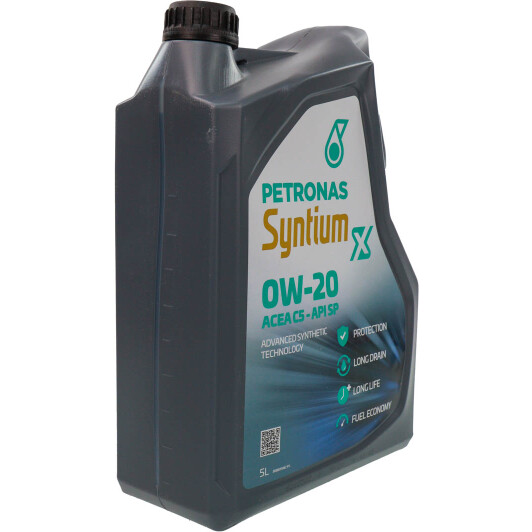 Масло Petronas Syntium X C5 0W-20 на Isuzu Rodeo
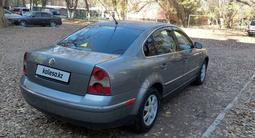 Volkswagen Passat 2002 годаүшін2 500 000 тг. в Тараз – фото 2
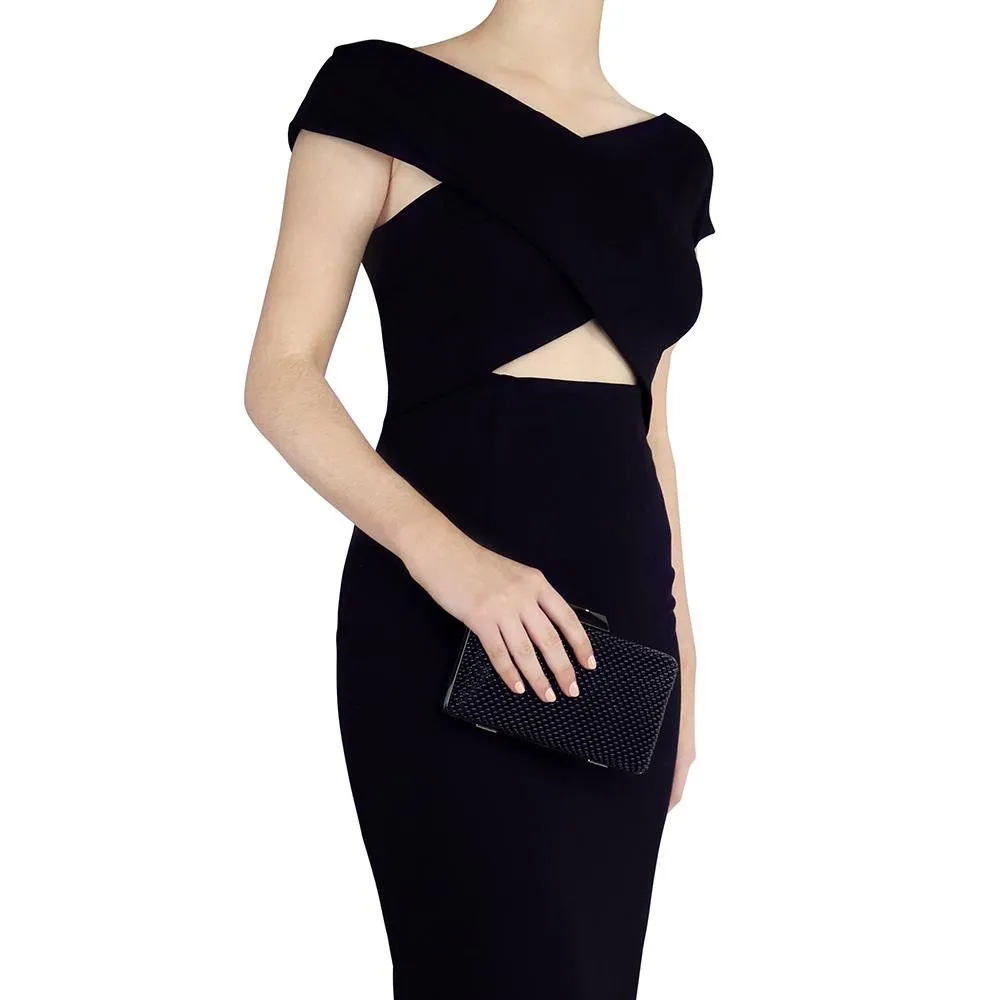 NATASHA Ball Mesh Clutch sold by Olga Berg product image thumbnail 2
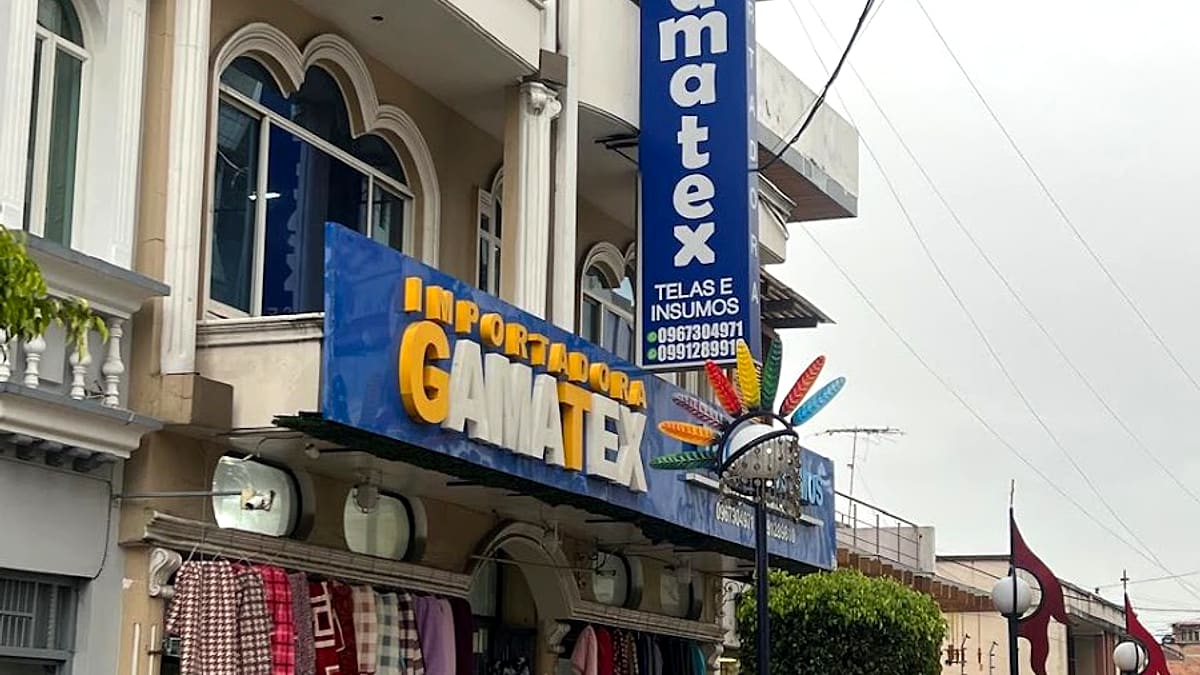 GAMATEX IMPORTADORA — foto 1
==============================
→ How to complete this task
From the line that contains "Volkswagen Passat 2002" to the last line of the data, print each line exactly, both ends included, and omit the pictures.

→ Task solution
 Volkswagen Passat 2002 годаүшін2 500 000 тг. в Тараз – фото 2
 NATASHA Ball Mesh Clutch sold by Olga Berg product image thumbnail 2
 GAMATEX IMPORTADORA — foto 1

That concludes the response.